§ **Input data**
·····

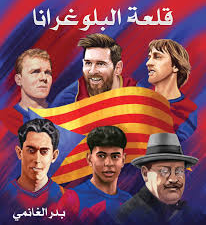 تحميل كتاب قلعة البلوغرانا PDF بدر الغانمي مجانا
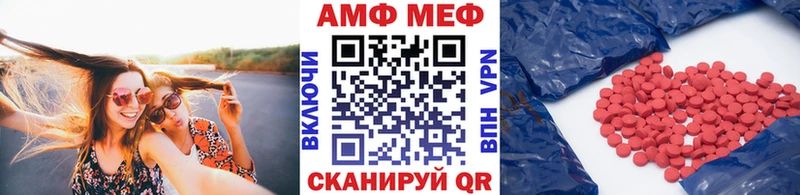 МЕТАМФЕТАМИН пудра  Купить закладки  Ряжск 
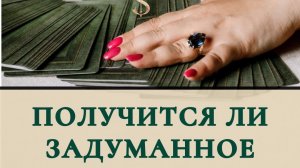 Получится ли задуманное ?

·····

§ **The task**
The answer must be the full listing, exact in every line, with the pictures removed.

§ **Expected output**
 تحميل كتاب قلعة البلوغرانا PDF بدر الغانمي مجانا
 МЕТАМФЕТАМИН пудра  Купить закладки  Ряжск 
 Получится ли задуманное ?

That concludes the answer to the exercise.